(GIVEN INFORMATION begins)

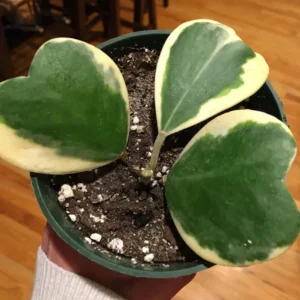 Hoya Kerrii, Hoya Kerrii Plant Variegated 2 Inches Pot, Hoya Kerrii Plant Live Houseplants, Trailing Hoya Kerrii Heart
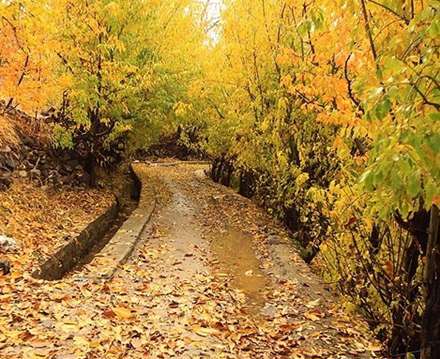 طبیعت پائیز همدان در قاب تصاویر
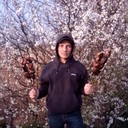 ���������� ���������, ���� ������� ����, 38 ���, ������������ 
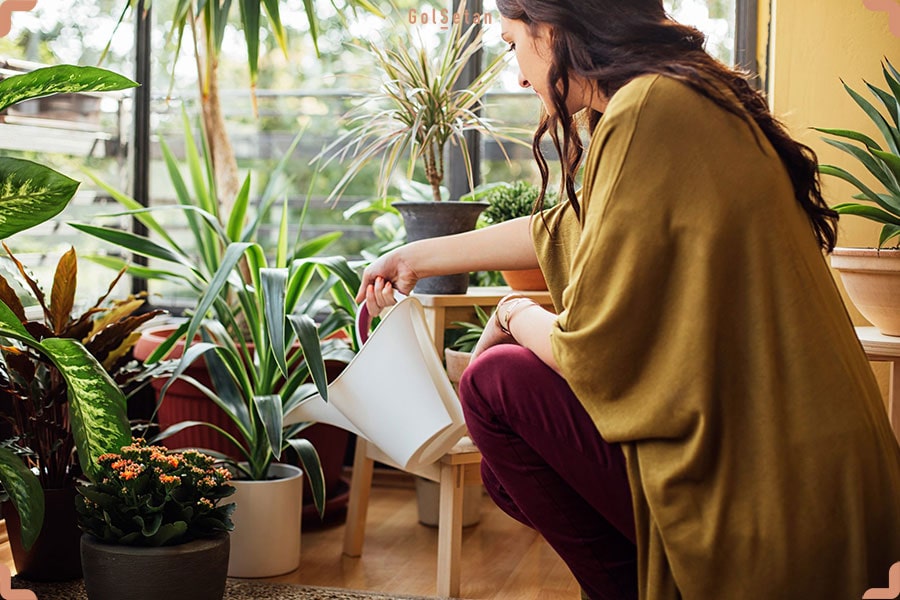 آبیاری زیاد ، یکی از رایج ترین دلایل مرگ گیاهان آپارتمانی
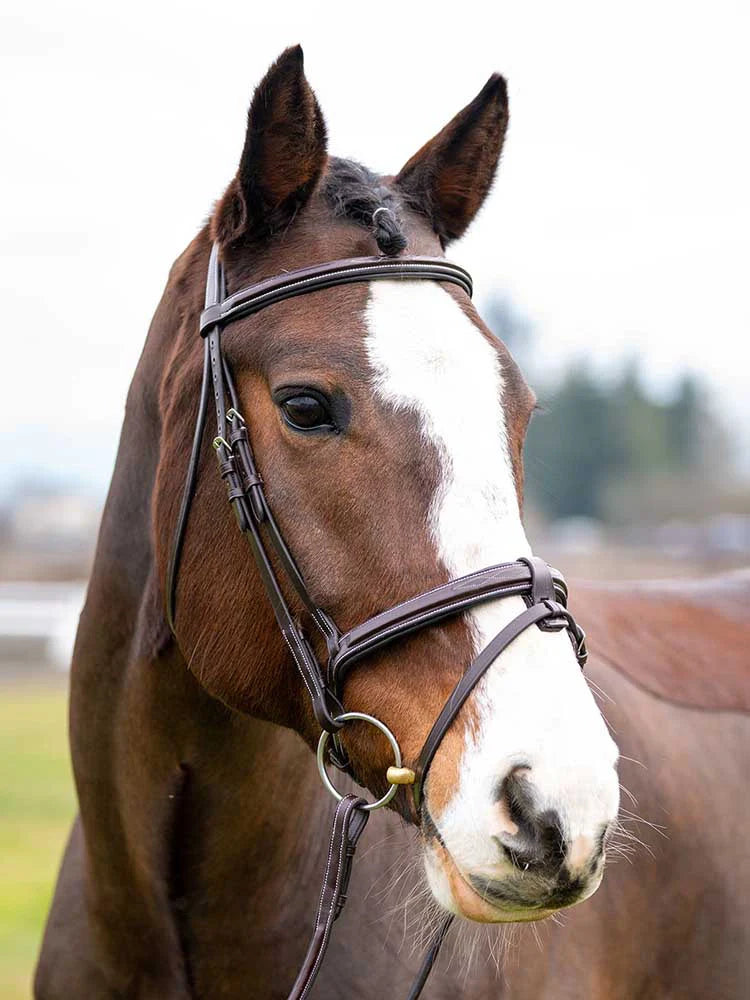Marco Simone Italian Leather Monocrown Bridle - Riders Choice Supply Co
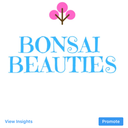 bonsaibeauties-blog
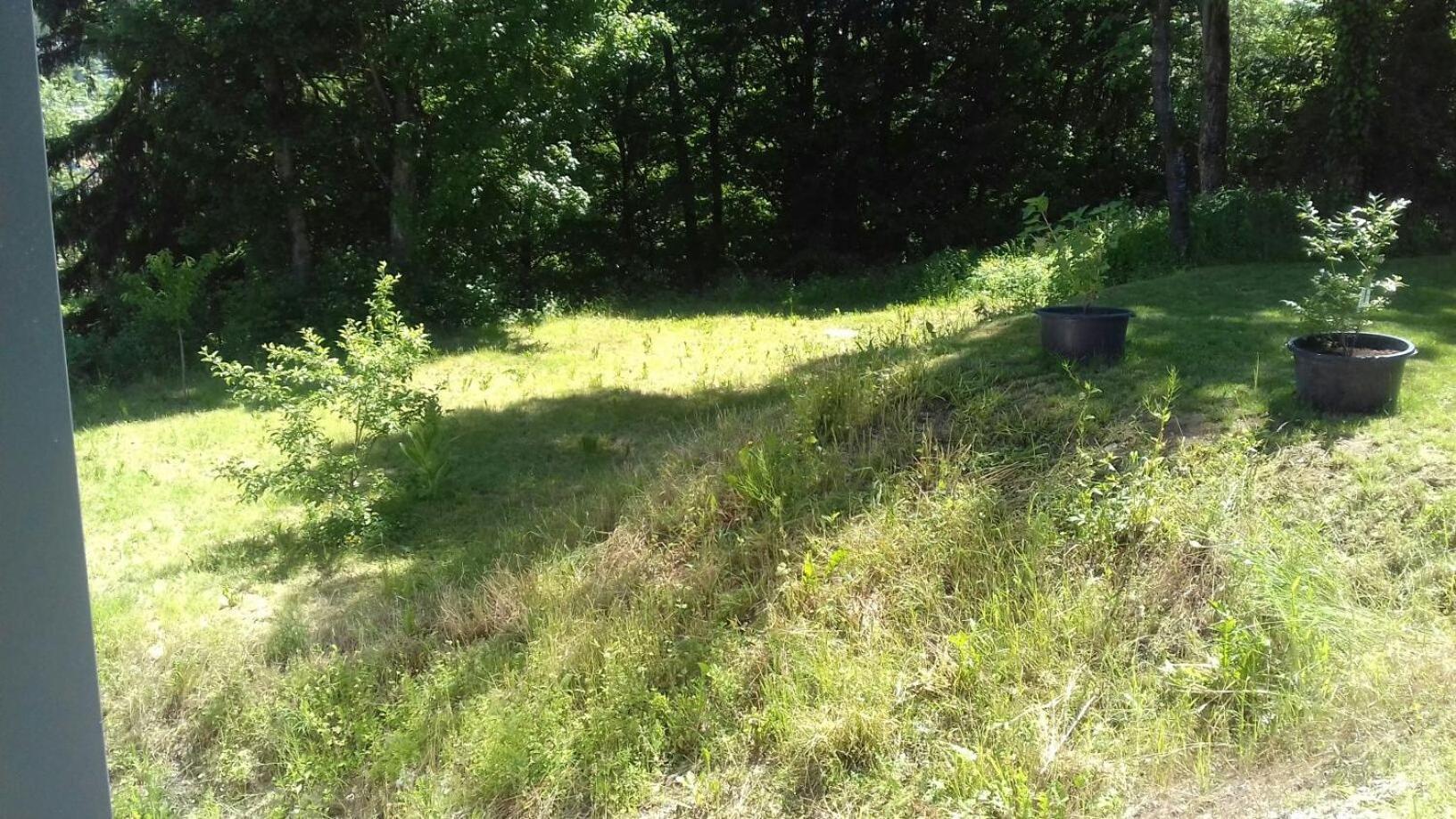 Ferienwohnung Ameis Heiligenstadt in Oberfranken Exteriör bild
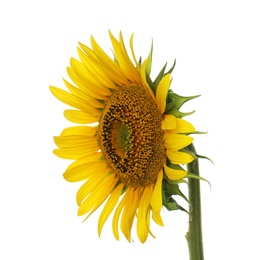 Photo of Beautiful bright blooming sunflower isolated on white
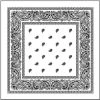 Everything Party White Assorted Bandana By Theme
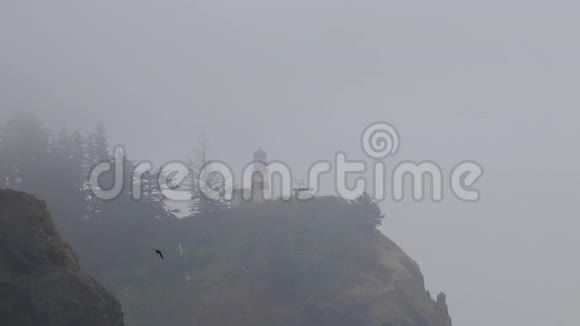 科莫兰特沿着悬崖顶端的灯塔飞来视频的预览图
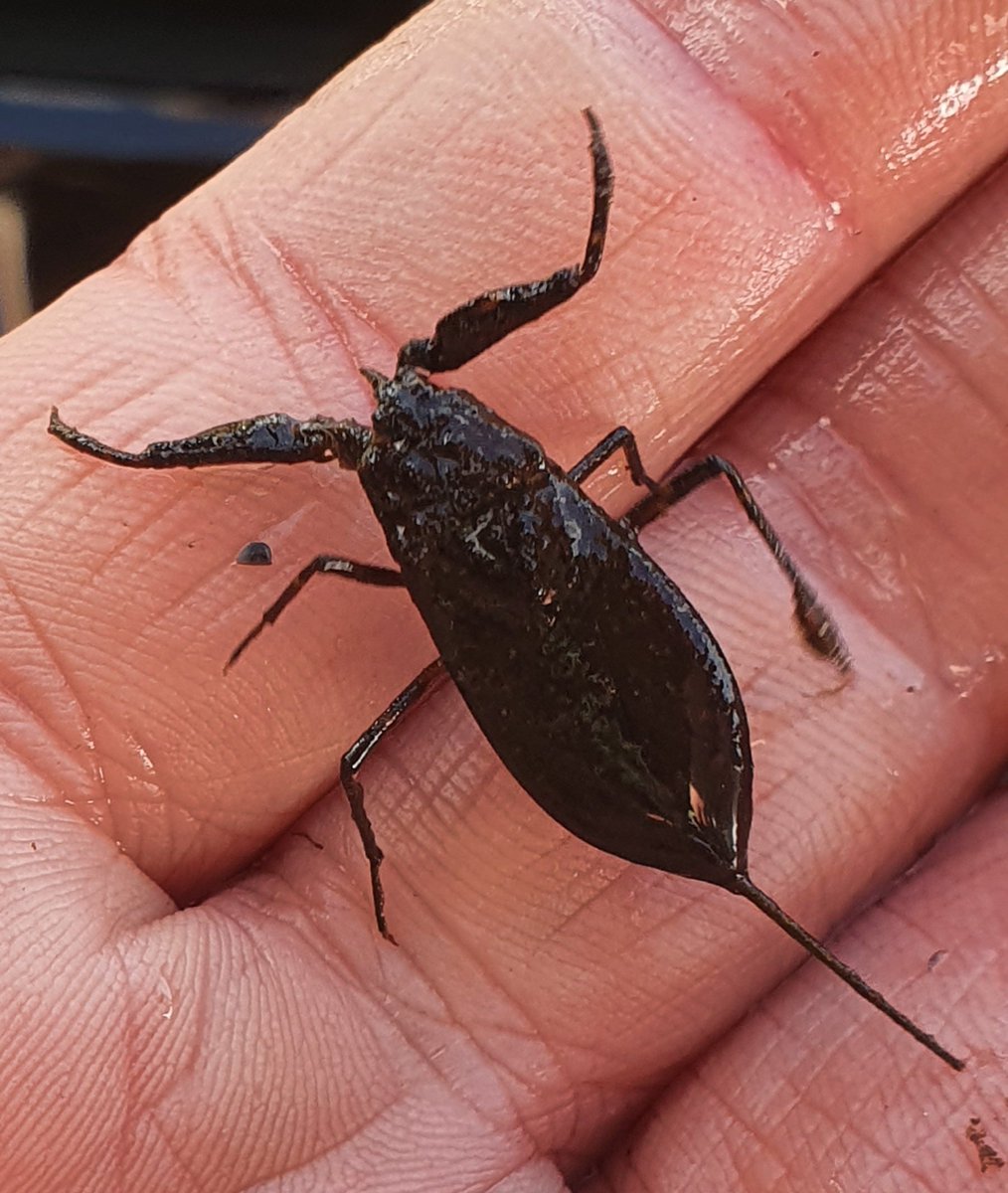 Day 1 at Kinnordy with #AncrumRoad #Northmuir . Stars of the day were probably the two Water Scorpions caught by one of the groups at the pond dipping. How great to back on this lovely Estate again! Thanks go to the Gifford family for hosting us. #Kinnordyestate #NFUSAngus #RHET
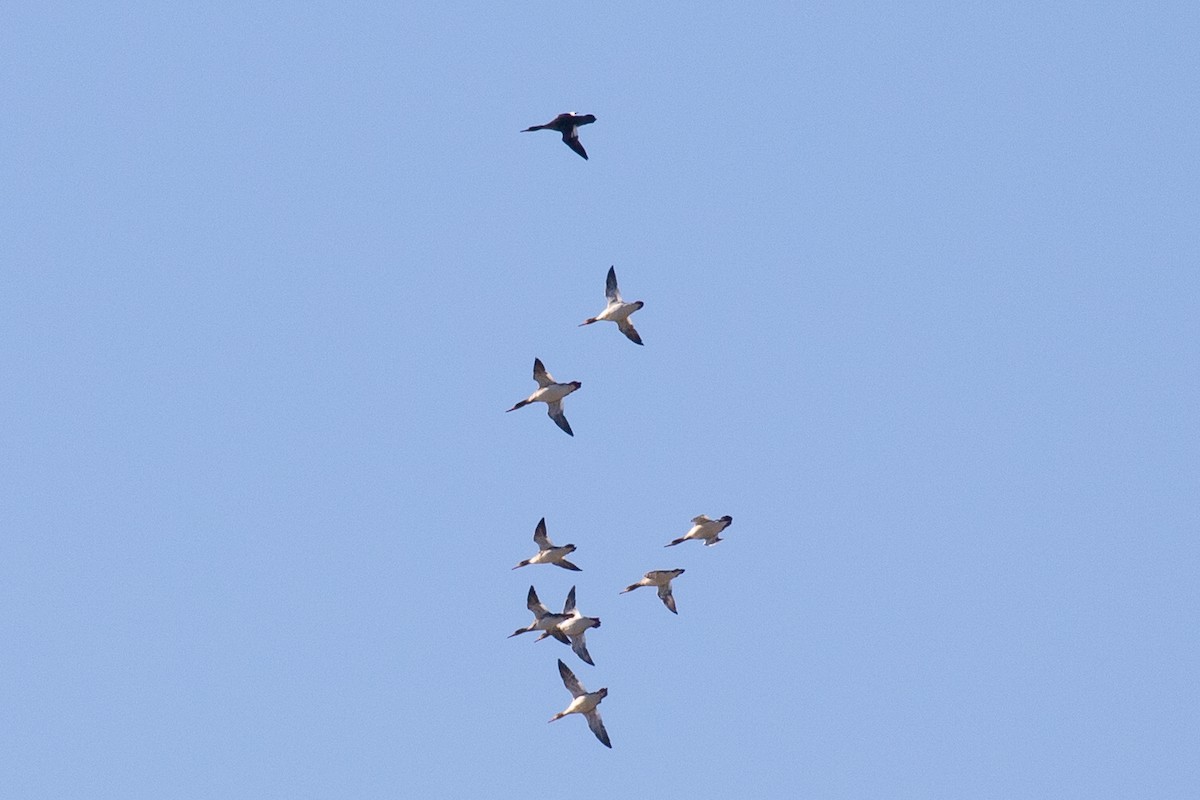 Сэвгэр бохио - ML628355914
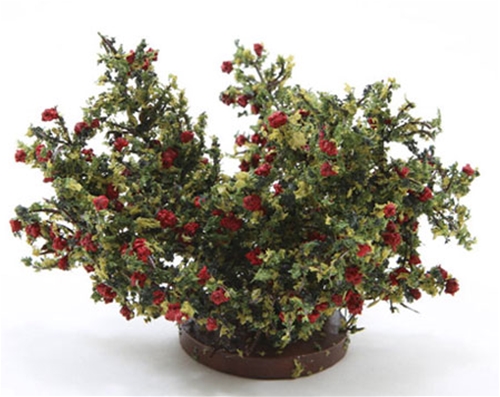 Rose Bush, Large, Red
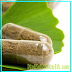7 Obat Pelangsing Herbal Paling Populer dan Ampuh Langsingkan Perut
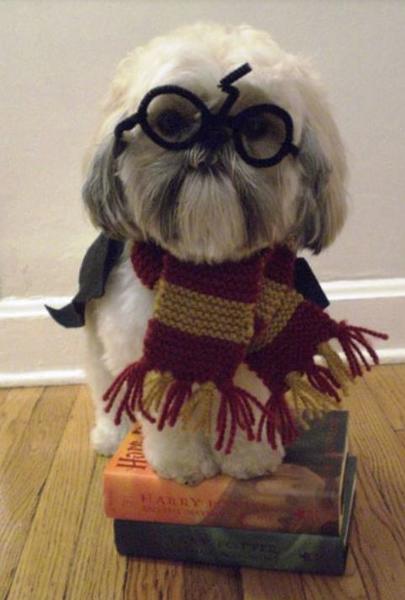 Halloween pets costumes images of Harry Potter Dog Costume.JPG
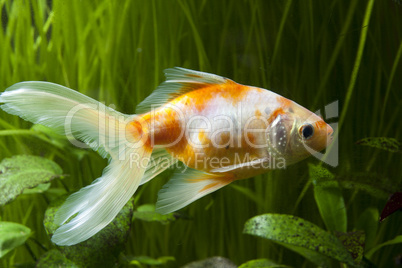 Gold fish isolated on white with water bubbles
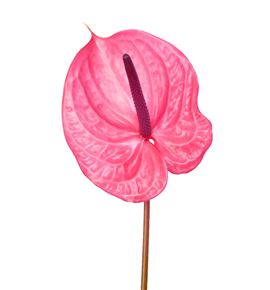 Anth candy x16 - ANTCAN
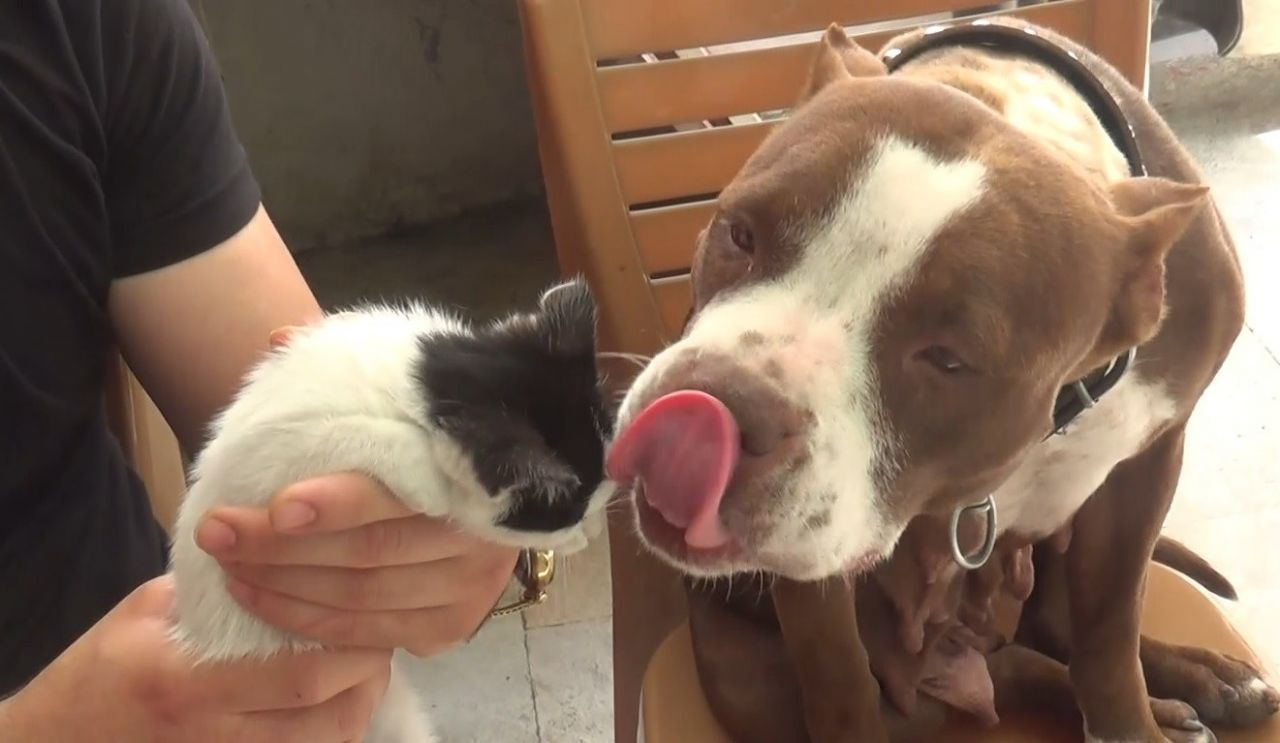 Pitbul yavru kediyi sahiplendi - Sayfa 3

(GIVEN INFORMATION ends)

ACTIVITY » Nothing but the lines from the one containing "Anth candy x16 - ANTCAN" through the last line of the listing should be copied, each word for word and without pictures.

RESULT OF THE TASK »
 Anth candy x16 - ANTCAN
 Pitbul yavru kediyi sahiplendi - Sayfa 3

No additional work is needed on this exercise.